People with learning disabilities need ministers’ support

Published by The Times (30th April, 2024)

There is a valid debate to be had over disability benefits after a sudden surge in claimants with anxiety and depression. But this discussion will inevitably turn a spotlight on chronic mismanagement of mental health, with 1.9 million people on NHS waiting lists.

Community services have been hollowed out, shark-like private firms exploit gaps and there is over-reliance on pharmaceutical and physical restraint. One psychiatrist told me that even severely ill patients must be “waving an axe” before they can access help.

Yesterday the work and pensions secretary Mel Stride set a new hare running by saying it is an “open question” whether people with learning disabilities should receive cash benefits, “given they come in all sorts of different forms of scales or severity” — a statement that will fuel fear in many homes.

Life with learning disabilities can be a needless struggle. At best, citizens and their families face endless form-filling and barrages of repeated questions to obtain essential support; at worst, gruelling fights against a cash-strapped and floundering system. Ministers witter on about “big challenges” facing social care, having failed to tackle deficiencies that cause misery after 14 years in power.
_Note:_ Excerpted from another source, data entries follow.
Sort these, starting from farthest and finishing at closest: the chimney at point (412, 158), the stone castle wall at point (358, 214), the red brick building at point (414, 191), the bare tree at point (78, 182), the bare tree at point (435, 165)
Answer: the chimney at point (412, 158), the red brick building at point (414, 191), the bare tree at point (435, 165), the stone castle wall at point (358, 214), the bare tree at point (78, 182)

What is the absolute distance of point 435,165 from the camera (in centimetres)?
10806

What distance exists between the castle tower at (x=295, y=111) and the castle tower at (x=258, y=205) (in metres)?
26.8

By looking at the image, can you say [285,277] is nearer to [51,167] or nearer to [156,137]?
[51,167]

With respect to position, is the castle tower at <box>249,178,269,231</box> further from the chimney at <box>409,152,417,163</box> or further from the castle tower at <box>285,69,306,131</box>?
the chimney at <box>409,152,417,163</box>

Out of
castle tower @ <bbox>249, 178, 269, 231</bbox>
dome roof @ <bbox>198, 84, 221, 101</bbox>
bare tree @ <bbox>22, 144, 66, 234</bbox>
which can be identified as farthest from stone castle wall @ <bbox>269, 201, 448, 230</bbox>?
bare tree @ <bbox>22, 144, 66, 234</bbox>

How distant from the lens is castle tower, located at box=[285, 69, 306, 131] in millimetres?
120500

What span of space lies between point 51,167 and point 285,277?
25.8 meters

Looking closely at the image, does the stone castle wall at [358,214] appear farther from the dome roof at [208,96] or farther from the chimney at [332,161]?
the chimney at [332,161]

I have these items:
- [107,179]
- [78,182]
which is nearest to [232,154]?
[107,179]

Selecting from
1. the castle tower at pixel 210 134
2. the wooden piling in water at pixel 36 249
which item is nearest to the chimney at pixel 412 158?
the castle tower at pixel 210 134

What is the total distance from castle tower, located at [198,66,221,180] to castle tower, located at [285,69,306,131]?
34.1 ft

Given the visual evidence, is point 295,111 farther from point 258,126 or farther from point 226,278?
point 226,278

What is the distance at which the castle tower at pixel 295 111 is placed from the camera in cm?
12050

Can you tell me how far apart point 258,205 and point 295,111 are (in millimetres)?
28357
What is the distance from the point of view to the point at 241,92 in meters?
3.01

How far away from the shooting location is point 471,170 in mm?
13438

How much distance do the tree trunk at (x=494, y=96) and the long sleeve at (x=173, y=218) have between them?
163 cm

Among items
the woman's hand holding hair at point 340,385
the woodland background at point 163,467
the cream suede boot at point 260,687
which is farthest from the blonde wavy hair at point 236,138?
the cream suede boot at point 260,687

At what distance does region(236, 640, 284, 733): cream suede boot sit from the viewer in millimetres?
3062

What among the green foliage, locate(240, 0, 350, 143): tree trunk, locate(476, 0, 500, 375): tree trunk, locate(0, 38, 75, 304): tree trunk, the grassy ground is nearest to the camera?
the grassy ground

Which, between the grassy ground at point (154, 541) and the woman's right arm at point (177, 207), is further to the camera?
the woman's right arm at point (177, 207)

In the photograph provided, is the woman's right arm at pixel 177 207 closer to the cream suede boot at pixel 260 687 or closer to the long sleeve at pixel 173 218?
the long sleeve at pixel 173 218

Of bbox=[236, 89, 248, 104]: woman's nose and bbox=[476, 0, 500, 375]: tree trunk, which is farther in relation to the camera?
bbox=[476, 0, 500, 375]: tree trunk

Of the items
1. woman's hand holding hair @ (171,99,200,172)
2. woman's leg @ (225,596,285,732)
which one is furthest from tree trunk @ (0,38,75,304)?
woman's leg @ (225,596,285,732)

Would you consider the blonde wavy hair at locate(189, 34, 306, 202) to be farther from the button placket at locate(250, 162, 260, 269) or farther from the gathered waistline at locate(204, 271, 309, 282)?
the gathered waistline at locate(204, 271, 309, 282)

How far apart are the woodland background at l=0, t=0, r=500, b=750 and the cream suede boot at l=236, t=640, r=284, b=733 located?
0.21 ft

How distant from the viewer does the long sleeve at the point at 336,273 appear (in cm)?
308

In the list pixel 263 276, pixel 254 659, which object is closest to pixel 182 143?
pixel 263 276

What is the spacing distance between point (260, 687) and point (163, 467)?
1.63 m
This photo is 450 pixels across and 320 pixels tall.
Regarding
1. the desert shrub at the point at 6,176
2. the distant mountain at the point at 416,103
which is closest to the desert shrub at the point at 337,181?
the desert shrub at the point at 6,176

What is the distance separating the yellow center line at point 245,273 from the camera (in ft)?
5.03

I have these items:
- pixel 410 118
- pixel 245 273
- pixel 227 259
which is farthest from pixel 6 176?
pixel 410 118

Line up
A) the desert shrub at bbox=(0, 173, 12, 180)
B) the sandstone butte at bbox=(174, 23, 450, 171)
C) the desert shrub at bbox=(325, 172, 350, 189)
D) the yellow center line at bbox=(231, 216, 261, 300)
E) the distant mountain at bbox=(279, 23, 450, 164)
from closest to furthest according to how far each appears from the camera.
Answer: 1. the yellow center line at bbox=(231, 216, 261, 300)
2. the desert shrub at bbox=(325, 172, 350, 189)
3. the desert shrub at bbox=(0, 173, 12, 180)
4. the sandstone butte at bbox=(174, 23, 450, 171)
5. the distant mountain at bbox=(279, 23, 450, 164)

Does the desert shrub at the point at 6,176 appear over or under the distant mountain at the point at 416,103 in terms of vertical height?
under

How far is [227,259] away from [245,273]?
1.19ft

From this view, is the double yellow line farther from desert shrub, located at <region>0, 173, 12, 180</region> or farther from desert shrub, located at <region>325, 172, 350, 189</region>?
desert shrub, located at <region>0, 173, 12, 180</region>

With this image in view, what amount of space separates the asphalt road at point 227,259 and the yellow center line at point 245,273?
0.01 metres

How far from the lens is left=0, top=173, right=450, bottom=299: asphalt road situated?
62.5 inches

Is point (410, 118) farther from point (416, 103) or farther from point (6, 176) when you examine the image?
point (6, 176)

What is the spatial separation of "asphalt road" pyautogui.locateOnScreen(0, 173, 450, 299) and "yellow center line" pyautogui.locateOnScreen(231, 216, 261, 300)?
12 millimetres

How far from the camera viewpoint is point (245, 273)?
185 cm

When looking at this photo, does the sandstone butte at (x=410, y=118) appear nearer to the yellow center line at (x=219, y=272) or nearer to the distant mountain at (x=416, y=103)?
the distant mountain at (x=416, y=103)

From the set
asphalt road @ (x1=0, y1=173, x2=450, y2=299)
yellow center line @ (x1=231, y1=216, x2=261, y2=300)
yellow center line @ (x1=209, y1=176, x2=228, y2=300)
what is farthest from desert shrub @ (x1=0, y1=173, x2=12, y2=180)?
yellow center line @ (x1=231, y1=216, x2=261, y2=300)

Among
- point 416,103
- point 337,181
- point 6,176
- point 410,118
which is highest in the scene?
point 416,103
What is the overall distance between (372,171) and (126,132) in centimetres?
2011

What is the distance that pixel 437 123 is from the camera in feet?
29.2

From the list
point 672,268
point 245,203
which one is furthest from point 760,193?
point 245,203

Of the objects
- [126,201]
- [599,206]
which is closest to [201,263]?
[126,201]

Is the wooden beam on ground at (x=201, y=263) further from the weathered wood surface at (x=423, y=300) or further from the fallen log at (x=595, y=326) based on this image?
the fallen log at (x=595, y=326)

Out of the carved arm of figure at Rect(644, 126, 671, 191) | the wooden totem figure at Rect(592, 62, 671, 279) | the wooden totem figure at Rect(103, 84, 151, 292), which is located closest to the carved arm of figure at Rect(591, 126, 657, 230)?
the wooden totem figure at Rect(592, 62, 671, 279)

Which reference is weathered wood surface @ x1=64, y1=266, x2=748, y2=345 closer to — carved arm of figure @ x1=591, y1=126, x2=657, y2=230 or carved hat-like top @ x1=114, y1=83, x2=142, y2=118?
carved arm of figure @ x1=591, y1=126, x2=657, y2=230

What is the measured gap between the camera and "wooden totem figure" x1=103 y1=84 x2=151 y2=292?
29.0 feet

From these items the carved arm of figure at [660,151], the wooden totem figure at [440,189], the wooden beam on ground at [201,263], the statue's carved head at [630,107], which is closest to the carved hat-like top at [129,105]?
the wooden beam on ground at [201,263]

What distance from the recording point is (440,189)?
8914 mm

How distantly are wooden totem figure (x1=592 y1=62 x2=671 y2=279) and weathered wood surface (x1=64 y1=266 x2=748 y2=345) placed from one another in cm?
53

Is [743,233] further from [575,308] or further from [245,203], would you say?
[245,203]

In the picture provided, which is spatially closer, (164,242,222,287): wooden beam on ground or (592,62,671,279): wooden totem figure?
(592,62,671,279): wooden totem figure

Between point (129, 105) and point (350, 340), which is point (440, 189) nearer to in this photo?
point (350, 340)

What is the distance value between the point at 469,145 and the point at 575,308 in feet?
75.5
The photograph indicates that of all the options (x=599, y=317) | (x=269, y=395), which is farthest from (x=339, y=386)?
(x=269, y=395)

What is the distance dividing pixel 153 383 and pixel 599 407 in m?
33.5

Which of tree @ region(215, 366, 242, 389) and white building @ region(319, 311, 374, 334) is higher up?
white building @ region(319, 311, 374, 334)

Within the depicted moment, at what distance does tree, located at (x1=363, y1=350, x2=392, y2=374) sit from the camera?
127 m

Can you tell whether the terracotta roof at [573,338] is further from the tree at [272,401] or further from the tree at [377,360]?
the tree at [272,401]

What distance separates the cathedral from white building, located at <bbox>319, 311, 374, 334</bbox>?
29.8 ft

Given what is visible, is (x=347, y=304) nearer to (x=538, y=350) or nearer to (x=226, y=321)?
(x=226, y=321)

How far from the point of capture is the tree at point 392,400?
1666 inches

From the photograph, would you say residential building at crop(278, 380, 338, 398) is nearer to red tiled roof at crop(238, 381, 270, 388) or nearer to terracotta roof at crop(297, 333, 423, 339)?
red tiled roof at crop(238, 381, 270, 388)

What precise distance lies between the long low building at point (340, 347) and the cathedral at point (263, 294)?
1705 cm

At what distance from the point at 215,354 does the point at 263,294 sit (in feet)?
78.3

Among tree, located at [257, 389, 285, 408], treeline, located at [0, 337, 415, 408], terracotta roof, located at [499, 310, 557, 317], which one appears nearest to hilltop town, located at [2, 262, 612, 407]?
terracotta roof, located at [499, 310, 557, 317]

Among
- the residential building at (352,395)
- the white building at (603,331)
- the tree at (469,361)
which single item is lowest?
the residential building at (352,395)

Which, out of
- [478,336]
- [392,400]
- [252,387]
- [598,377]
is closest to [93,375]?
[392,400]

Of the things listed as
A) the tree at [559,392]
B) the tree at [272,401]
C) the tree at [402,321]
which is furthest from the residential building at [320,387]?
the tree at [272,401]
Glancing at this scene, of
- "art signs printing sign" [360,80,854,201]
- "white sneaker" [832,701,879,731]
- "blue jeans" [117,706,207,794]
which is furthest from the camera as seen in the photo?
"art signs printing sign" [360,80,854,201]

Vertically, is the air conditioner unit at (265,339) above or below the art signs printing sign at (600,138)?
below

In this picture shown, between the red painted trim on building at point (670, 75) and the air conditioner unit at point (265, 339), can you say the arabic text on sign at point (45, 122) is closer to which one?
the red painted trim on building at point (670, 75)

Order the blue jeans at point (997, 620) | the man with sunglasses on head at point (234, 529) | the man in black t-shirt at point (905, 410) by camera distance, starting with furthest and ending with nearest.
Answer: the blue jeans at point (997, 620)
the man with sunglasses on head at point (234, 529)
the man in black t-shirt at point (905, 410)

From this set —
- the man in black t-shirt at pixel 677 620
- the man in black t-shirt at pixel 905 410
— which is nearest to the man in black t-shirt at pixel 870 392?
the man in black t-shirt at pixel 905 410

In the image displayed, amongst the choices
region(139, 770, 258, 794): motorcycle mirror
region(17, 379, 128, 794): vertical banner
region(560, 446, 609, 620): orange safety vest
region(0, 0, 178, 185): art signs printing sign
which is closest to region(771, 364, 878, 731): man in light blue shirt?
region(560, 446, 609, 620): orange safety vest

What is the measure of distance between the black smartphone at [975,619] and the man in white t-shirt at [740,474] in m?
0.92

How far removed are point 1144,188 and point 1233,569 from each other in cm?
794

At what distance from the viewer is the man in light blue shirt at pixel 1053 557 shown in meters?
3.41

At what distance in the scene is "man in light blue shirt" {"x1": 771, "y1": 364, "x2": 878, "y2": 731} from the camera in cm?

Coming now, Stride’s suggestion sounds like a prelude to pre-election scapegoating of our most disadvantaged community by a party whose failures on this front have just helped drive out one of its MPs. Dan Poulter, who works also as a psychiatrist, pointed to the ditching of reform to the outdated Mental Health Act — which defines autism and learning disabilities as disorders permitting detention — as a factor in his defection to Labour.

Is it any wonder the government has failed to meet its pledge to halve the number of people with such conditions locked up in costly and inappropriate mental health settings between 2015 and the end of last month? Many others end up stuffed in mini-institutions masquerading as supported living, while community support has corroded in the local government funding crisis.

The pandemic exposed disturbing societal attitudes, with shocking impositions of blanket “do not resuscitate” notices. Given such blinkered attitudes, it is no surprise only one in 20 people with learning disabilities have jobs — although workplaces are among the best places to overcome prejudice and foster integration while reducing reliance on the state.

If only pontificating ministers would see people with learning disabilities as citizens who deserve the best support for the benefit of all society, not simply as drains on their budgets and as political footballs.